Nonprofit demolishes Highland eyesores for town house project

Matthew Lane • Mar 13, 2017 at 9:35 AM

KINGSPORT — Two longstanding eyesores in the Highland neighborhood are finally coming down.

Bowlin Roofing & Demolition began bringing down the two dilapidated houses at the corner of E Street and E. Center Street last week. The two-story houses have been on the city’s code enforcement radar for years due to issues such as high grass, trash around the buildings and vagrants living inside.

“The prior owner had an heir taking care of it, but she lived out of town and was doing it remotely,” said Melanie Adkins, code enforcement officer for the city. “The white building, vagrants were getting in it and it was obvious someone was staying there, trying to start a fire to stay warm.

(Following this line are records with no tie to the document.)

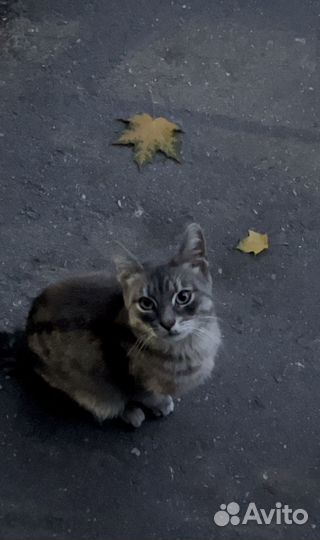 Ищем дом для кота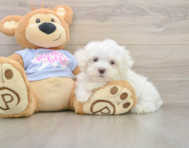 7 week old Maltese Puppy For Sale - Seaside Pups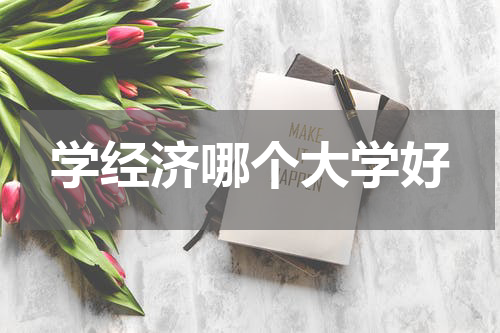 学经济哪个大学好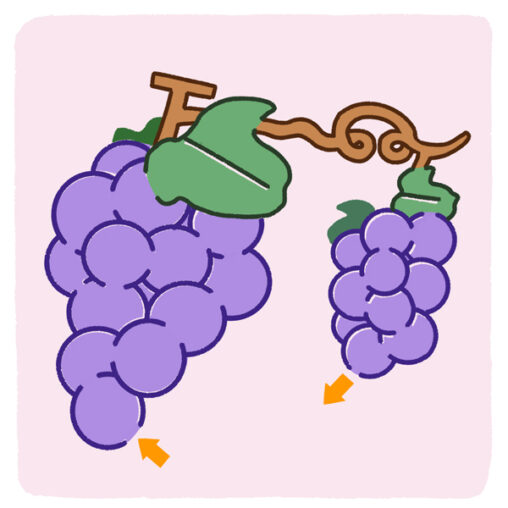 大きいぶどうと小さいぶどうの形をした迷路の教材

Trash was getting pretty bad and we asked them to board the windows up.”

Last year, the Eastern Eight Community Development Corporation purchased the two houses and now owns about an acre at the corner of E and Center. Another small white house on Center — adjacent to these two houses — was demolished more than a year ago and will tie into Eastern Eight’s plans for the entire property.


“We’ve got some really nice town house units going in on the property,” said Retha Patton, executive director of Eastern Eight, which is a nonprofit organization creating affordable housing solutions for the eight counties of Northeast Tennessee.

Its programs include homebuyer education, financial counseling, mortgage pre-approval, continuing homeowner education and foreclosure prevention and counseling.

For the better part of two years, Eastern Eight has worked to bring 12 units to the property. Patton said the town houses will be two-story and include four three-bedroom units and eight two-bedroom units, targeting very low income families, seniors and veterans.

The total cost of the project is $1.43 million, which includes $500,000 from the Tennessee Housing Development Agency and $930,000 in matching funds.

Patton said the goal is to start construction by June and finish the units by the end of the year.

“(Two years) is about the normal length of the project, sad to say. We have to get grants for the construction to keep our rent low, and it takes time to get the grants lined up,” Patton said.

Eastern Eight has invested more than $1 million in single family houses throughout the Kingsport area, most notably four houses in the Riverview neighborhood during the HOPE VI redevelopment project, financing the 31 houses built along Sherwood and Hiwassee and building six houses in the Gibson Mill redevelopment area.

The nonprofit also has a 72-lot subdivision off Gravely Road currently under development — the Harmony Ridge neighborhood — with 10 homes built and an estimated economic impact of more than $8 million.

Lynn Tully, development services director for the city, said she expects the residents and businesses in Highland to be quite pleased with the results of Eastern Eight’s work.

“It’s one of the things that’s been a long time coming,” Tully said of the two houses. “This will be a much better outcome, and I think the neighborhood is going to be happy about it.”